[What this task involves]:
Repeat, exactly as they appear, the lines from the one with "Creating a database" through the last line of the entries below, but none of the pictures.

[Raw data]:
****
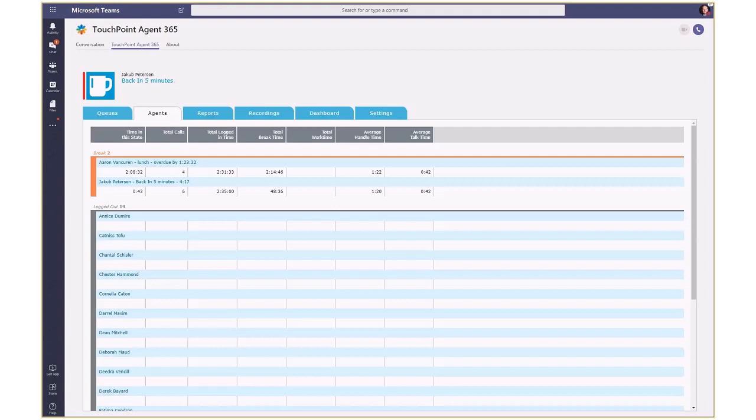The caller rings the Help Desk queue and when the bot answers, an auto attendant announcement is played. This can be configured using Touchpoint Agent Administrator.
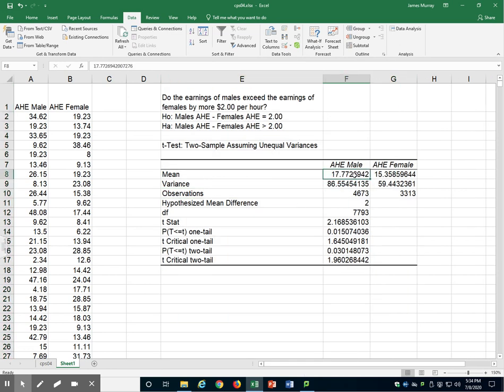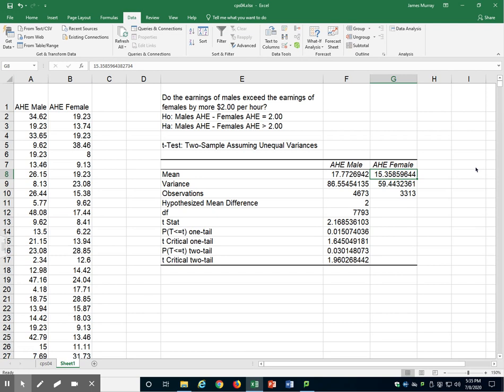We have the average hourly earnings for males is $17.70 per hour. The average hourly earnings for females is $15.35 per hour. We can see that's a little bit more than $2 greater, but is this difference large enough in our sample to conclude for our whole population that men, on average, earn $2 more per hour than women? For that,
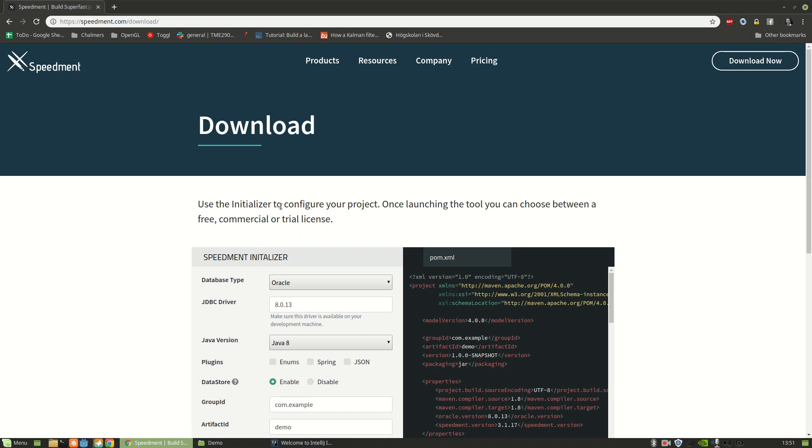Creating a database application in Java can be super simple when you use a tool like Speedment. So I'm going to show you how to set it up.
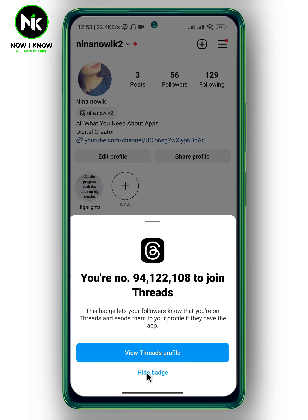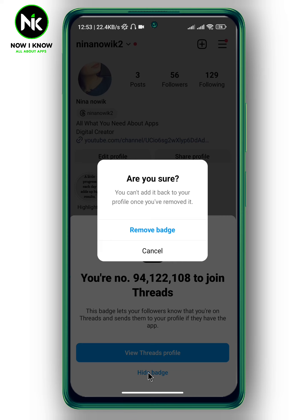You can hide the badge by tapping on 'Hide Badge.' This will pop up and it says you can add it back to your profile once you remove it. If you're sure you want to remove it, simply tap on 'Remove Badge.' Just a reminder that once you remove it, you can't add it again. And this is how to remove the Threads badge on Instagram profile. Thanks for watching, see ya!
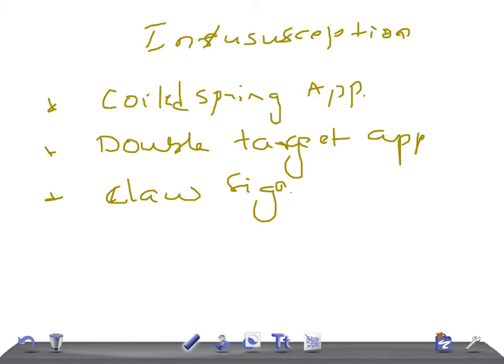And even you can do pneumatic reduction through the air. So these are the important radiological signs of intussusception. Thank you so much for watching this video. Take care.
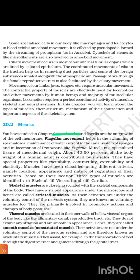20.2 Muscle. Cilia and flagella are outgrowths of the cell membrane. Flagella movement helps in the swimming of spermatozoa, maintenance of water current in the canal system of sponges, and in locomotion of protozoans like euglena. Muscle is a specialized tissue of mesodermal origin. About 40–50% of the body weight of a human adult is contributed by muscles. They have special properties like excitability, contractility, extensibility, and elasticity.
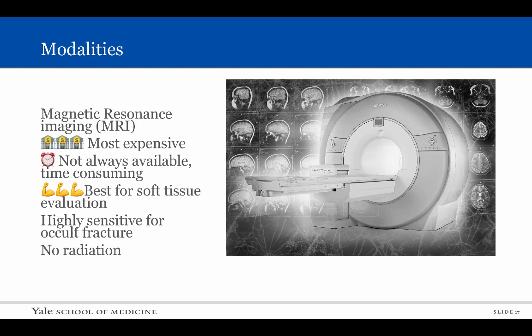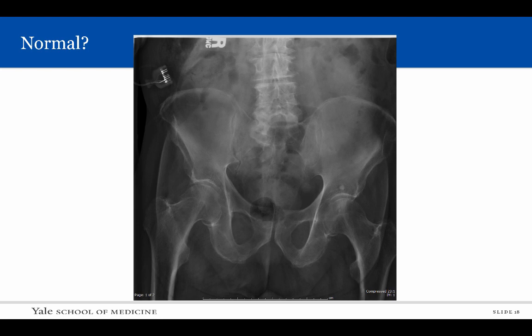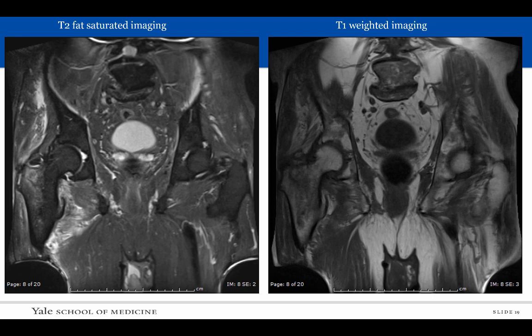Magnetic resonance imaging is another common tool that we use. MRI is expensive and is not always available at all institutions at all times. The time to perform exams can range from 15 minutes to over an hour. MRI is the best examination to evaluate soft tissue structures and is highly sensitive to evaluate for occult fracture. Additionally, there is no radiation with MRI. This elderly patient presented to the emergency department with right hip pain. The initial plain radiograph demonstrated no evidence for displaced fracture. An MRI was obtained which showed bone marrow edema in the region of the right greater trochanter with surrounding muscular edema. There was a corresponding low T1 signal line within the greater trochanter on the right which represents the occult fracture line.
****
[Exercise output]:
Creating a database application in Java can be super simple when you use a tool like Speedment. So I'm going to show you how to set it up.
You can hide the badge by tapping on 'Hide Badge.' This will pop up and it says you can add it back to your profile once you remove it. If you're sure you want to remove it, simply tap on 'Remove Badge.' Just a reminder that once you remove it, you can't add it again. And this is how to remove the Threads badge on Instagram profile. Thanks for watching, see ya!
And even you can do pneumatic reduction through the air. So these are the important radiological signs of intussusception. Thank you so much for watching this video. Take care.
20.2 Muscle. Cilia and flagella are outgrowths of the cell membrane. Flagella movement helps in the swimming of spermatozoa, maintenance of water current in the canal system of sponges, and in locomotion of protozoans like euglena. Muscle is a specialized tissue of mesodermal origin. About 40–50% of the body weight of a human adult is contributed by muscles. They have special properties like excitability, contractility, extensibility, and elasticity.
Magnetic resonance imaging is another common tool that we use. MRI is expensive and is not always available at all institutions at all times. The time to perform exams can range from 15 minutes to over an hour. MRI is the best examination to evaluate soft tissue structures and is highly sensitive to evaluate for occult fracture. Additionally, there is no radiation with MRI. This elderly patient presented to the emergency department with right hip pain. The initial plain radiograph demonstrated no evidence for displaced fracture. An MRI was obtained which showed bone marrow edema in the region of the right greater trochanter with surrounding muscular edema. There was a corresponding low T1 signal line within the greater trochanter on the right which represents the occult fracture line.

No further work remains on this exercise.